WHAT IS REQUIRED: After locating the line with "Faceted Abalone Crystal" below, output it and each following line exactly, stopping after the line with "Люстра светодиодная симфония". No pictures.

EXERCISE MATERIALS:
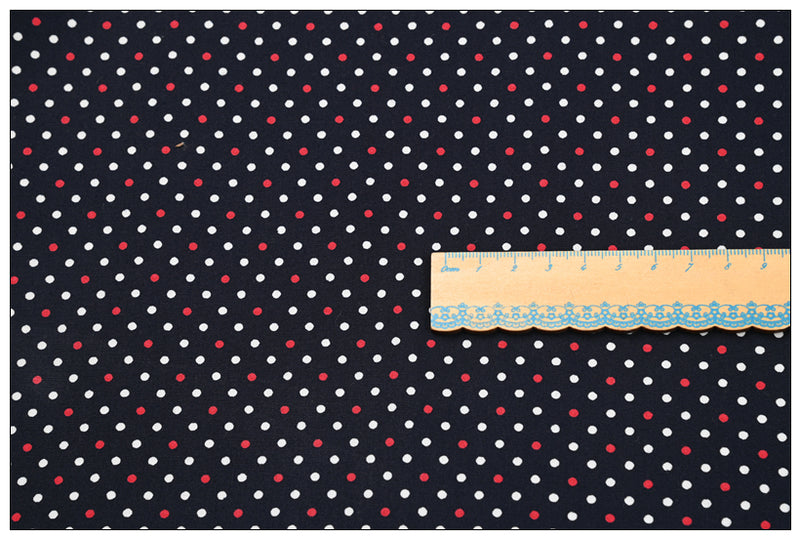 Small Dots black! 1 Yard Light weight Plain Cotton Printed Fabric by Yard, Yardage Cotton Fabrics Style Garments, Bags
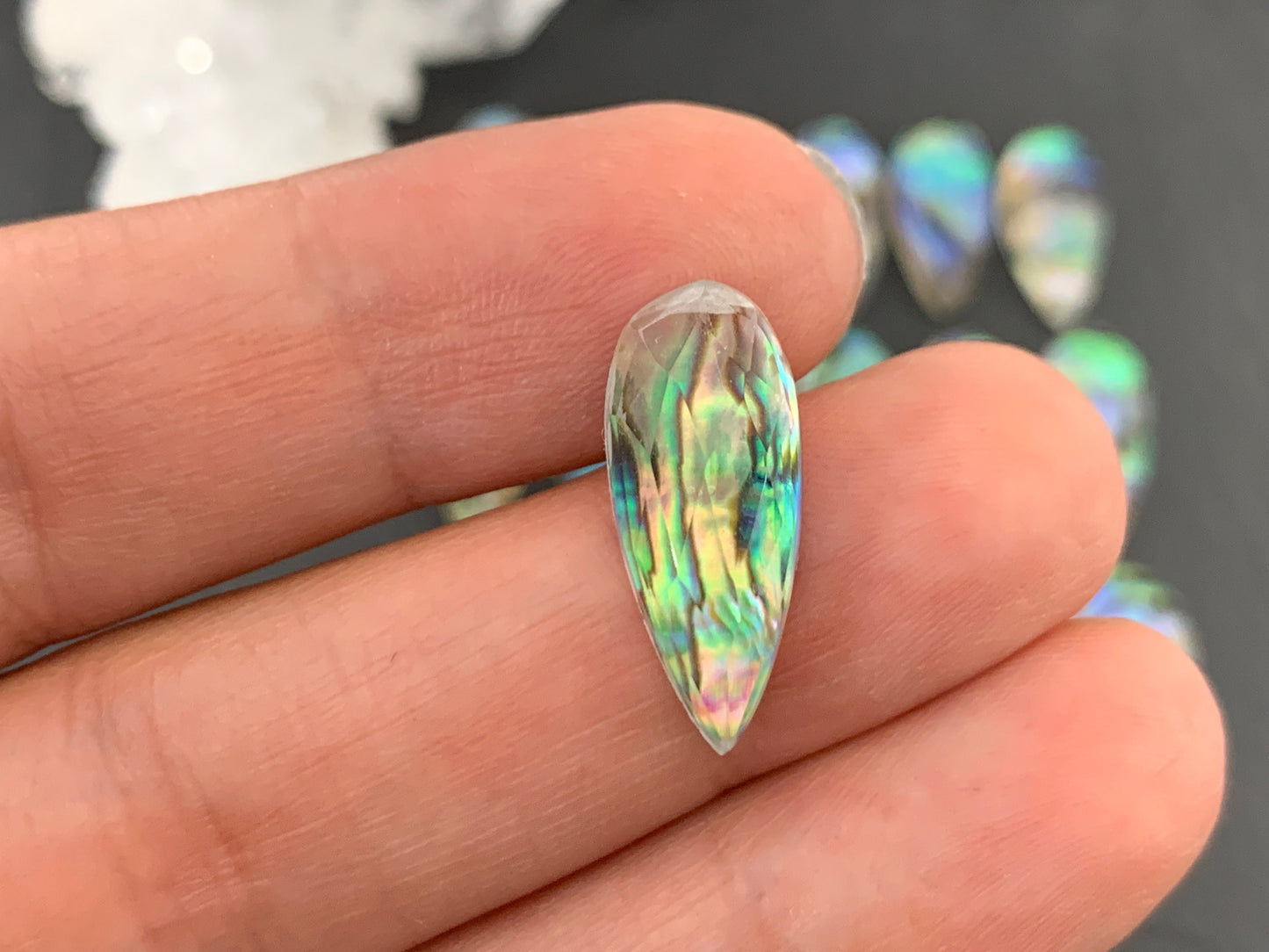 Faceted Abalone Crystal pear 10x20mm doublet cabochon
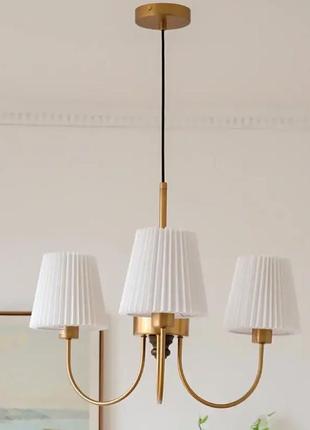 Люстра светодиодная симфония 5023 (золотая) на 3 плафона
...
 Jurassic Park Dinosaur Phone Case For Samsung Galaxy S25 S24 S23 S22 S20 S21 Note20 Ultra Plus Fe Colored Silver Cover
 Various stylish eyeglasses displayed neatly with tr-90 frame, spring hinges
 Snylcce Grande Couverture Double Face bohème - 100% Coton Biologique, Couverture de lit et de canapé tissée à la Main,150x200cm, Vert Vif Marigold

RESULT FOR THIS TASK:
 Faceted Abalone Crystal pear 10x20mm doublet cabochon
 Люстра светодиодная симфония 5023 (золотая) на 3 плафона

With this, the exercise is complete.